Word Ladder

Given two words (beginWord and endWord), and a dictionary's word list, find the length of shortest transformation sequence from beginWord to endWord, such that:

Only one letter can be changed at a time
Each intermediate word must exist in the word list
For example,

Given:
beginWord = "hit"
endWord = "cog"
wordList = ["hot","dot","dog","lot","log"]
As one shortest transformation is "hit" -> "hot" -> "dot" -> "dog" -> "cog",
return its length 5.

Note:
Return 0 if there is no such transformation sequence.
All words have the same length.
All words contain only lowercase alphabetic characters.

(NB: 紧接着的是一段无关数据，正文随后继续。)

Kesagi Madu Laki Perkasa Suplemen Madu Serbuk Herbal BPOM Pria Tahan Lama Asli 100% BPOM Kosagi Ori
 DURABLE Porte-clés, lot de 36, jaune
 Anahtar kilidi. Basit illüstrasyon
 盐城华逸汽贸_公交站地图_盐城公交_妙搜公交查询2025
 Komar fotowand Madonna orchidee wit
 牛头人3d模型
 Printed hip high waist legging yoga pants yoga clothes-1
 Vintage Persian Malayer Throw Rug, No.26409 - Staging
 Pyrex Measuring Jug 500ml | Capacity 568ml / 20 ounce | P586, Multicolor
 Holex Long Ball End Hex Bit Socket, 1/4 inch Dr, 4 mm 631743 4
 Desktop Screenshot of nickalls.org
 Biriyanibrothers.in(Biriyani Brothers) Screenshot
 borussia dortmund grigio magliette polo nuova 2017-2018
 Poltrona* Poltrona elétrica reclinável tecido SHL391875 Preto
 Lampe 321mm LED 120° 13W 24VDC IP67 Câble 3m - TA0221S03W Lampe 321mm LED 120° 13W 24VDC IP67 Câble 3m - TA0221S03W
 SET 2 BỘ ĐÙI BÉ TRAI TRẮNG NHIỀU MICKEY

给定两个单词和一个单词集合，从一个单词变换到另一个单词，每次只能改变一个字母，并且变换后的单词都要在单词集合中，找出最少的变换次数。我们从beginWord开始，每个字符都可能有26种变换,我们用一个set来记录在wordlist中已经被访问过的单词，用path来记录走过的长度，如果变换后的单词与endword相同就返回path+1，如果不相同，看是否在wordlist中并且检查是否被访问过，然后更新beginSet，直到找到一条路，或者beginSet为空，返回0。代码如下：

public class Solution {
    public int ladderLength(String beginWord, String endWord, Set<String> wordList) {
        Set<String> beginSet = new HashSet<String>();
        Set<String> isVisited = new HashSet<String>();
        beginSet.add(beginWord);
        int path = 1;
        while(!beginSet.isEmpty()) {
            Set<String> tem = new HashSet<String>();
            for(String word : beginSet) {
                char[] c = word.toCharArray();
                for(int i = 0; i < c.length; i++) {
                    char oldChar = c[i];
                    for(char j = 'a'; j <= 'z'; j++) {
                        c[i] = j;
                        String s = new String(c);
                        if(s.equals(endWord))
                            return path + 1;
                        if(wordList.contains(s) && !isVisited.contains(s)) {
                            tem.add(s);
                            isVisited.add(s);
                        }
                    }
                    c[i] = oldChar;
                }
            }
            beginSet = tem;
            path ++;
        }
        return 0;
    }
}